Marie veut lui baiser les pieds ; mais Jésus lui dit : Ne me touche point. Je ne suis pas encore monté vers mon Père. Marie s'abandonne tout entière à la joie du moment. Elle pense que les relations qui avaient existé jusqu'à la mort de Jésus entre lui et ses disciples, doivent simplement être reprises. Jésus s'y oppose. Il ne faut pas que Marie s'attache à cette apparition corporelle et visible. Il faut qu'elle éloigne d'elle la pensée que le travail de Jésus sur la terre doive continuer, que le Seigneur va de nouveau manger et boire avec ses disciples, aller de lieu en lieu pour prêcher et faire des miracles. Cette oeuvre est terminée. Il est ressuscité pour aller au Père, pour fonder son royaume et conduire les siens du haut de son trône de gloire. Marie ne doit pas se contenter du mince bonheur de l'embrasser au moment où il lui apparaît sous une forme, visible ; elle doit apprendre à le toucher avec la main de la foi et avec des lèvres qui chantent ses louanges.

Mais va vers mes frères et dis-leur que je monte vers mon Père et votre Père, vers mon Dieu et votre Dieu. Ce nom de frère, sorti de la bouche du Ressuscité, est extrêmement précieux pour tout pécheur reçu en grâce. Ainsi, même après avoir arraché à la mort sa puissance, même après être sorti du tombeau comme Prince de la vie, même après avoir repris possession de son trône comme dominateur du monde, il n'a pas honte de se nommer notre frère. Un coeur de frère sur le trône de Dieu ! quelle consolation ! quel honneur, quel puissant motif, pour notre coeur, de se confier en lui sans réserve et pour l'éternité !

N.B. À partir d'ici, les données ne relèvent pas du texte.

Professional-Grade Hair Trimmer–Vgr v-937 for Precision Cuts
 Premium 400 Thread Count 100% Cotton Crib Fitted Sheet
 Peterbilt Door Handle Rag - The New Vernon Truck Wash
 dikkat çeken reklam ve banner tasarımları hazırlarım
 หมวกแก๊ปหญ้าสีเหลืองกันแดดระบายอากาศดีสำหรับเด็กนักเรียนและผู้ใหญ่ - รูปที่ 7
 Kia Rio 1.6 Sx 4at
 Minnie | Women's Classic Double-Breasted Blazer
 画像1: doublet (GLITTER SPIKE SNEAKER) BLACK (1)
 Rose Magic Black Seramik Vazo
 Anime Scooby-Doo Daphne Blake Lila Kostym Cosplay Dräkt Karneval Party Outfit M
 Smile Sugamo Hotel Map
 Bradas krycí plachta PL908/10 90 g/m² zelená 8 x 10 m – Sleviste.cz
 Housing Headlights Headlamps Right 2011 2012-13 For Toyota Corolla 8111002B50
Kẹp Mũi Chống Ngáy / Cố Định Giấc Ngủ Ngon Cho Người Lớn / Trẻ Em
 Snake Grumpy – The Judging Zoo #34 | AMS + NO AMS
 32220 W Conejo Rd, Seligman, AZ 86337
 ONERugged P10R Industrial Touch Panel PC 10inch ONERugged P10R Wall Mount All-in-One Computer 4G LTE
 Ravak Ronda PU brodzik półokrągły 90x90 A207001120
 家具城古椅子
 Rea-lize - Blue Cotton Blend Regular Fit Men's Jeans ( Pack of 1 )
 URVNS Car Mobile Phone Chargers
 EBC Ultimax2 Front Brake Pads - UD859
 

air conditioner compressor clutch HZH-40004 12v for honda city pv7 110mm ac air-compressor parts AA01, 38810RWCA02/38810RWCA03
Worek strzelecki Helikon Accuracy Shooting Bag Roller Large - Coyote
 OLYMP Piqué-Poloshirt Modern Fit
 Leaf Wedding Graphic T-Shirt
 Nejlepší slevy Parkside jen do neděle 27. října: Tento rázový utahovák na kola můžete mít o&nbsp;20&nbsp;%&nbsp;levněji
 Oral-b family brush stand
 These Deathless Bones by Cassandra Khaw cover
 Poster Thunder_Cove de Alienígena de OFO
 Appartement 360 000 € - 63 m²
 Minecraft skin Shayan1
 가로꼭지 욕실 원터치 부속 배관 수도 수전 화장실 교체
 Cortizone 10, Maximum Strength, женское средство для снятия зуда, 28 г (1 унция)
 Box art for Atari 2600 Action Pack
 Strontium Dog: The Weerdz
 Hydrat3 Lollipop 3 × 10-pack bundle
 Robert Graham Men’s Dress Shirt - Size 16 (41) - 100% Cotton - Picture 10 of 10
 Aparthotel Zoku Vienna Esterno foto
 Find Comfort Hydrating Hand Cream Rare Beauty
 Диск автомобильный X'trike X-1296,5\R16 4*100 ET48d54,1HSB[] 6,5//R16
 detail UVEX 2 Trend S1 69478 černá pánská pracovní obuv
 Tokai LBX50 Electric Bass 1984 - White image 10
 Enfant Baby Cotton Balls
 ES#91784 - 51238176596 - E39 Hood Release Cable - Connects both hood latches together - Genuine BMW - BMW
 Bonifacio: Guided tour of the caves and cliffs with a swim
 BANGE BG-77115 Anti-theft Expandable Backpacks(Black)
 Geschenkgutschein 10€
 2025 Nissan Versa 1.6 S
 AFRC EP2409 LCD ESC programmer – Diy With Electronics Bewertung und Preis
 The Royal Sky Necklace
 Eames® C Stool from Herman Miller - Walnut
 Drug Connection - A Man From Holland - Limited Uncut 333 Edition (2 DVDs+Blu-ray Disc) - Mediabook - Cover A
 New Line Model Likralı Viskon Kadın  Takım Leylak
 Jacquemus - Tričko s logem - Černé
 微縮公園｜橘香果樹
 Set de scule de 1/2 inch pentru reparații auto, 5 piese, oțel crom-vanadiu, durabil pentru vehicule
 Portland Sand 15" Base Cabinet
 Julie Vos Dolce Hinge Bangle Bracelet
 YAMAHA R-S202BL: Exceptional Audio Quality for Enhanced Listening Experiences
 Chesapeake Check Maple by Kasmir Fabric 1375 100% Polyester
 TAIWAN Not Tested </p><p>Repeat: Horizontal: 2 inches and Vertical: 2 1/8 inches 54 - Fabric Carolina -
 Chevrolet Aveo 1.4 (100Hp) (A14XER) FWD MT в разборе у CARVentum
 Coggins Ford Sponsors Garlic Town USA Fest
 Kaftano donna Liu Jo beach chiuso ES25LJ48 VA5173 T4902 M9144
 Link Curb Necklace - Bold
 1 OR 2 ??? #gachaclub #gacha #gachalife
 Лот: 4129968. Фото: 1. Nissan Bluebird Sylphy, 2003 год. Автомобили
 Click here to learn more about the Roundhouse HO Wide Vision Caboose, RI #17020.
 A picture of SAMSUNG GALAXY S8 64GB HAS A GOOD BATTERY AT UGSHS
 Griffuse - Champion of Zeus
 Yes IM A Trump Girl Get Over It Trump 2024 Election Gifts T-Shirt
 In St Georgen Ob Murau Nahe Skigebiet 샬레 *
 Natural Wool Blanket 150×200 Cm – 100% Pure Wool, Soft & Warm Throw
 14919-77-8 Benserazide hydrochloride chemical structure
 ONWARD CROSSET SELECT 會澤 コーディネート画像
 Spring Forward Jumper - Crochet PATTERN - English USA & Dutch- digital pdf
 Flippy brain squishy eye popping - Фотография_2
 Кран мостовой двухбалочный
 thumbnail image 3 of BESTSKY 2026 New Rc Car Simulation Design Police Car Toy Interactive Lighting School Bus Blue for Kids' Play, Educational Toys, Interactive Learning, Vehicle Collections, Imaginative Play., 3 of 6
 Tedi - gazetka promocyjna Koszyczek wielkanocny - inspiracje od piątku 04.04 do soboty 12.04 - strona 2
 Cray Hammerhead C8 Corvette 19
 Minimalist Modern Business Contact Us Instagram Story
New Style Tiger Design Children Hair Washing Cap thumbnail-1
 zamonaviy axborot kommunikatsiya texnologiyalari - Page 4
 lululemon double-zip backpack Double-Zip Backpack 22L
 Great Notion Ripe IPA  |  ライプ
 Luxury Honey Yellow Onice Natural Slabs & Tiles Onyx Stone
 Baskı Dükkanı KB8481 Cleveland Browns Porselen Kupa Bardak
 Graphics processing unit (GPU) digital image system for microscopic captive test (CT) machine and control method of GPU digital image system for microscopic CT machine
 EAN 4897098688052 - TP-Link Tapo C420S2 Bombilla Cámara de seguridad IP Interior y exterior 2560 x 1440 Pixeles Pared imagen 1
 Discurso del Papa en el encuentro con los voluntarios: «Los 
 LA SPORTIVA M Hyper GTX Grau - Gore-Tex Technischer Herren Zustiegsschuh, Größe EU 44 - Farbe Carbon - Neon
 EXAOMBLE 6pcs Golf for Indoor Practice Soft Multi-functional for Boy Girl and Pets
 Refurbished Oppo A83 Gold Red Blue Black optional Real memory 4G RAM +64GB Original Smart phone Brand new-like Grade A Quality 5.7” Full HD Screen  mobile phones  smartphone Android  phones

Marie Madeleine vint annoncer aux disciples qu'elle avait vu le Seigneur et qu'il lui avait dit cela. Quiconque a trouvé Jésus dans la foi, est aussitôt consacré à son service pour lui rendre témoignage. Quiconque a trouvé en Jésus la paix de son coeur, devient aussitôt un messager de salut pour annoncer la paix aux coeurs qui en sont encore privés. Quant aux messagers eux-mêmes, ce qui est précieux pour eux, c'est de pouvoir dire : « J'ai vu le Seigneur et il m'a dit cela. »

Quant aux autres femmes, l'ange leur a annoncé qu'elles verraient le Seigneur en Galilée. Mais ce compatissant Sauveur voit bien que ces pauvres femmes sont ballottées entre la crainte et l'espérance. Elles voudraient bien croire, mais elles n'osent pas. Elles sont chargées d'annoncer aux disciples la résurrection de leur Maître, et elles-mêmes n'ont pas encore eu la joie d'en être pleinement convaincues. Ceci attriste le Seigneur. C'est pourquoi il va au-devant d'elles, avant qu'elles soient entrées dans la ville et leur dit : Je vous salue. Elles le reconnurent immédiatement, s'approchèrent, de lui, se prosternèrent devant lui et l'adorèrent. Elles lui embrassèrent les pieds et il les laissa faire. Il leur dit même : Ne craignez point.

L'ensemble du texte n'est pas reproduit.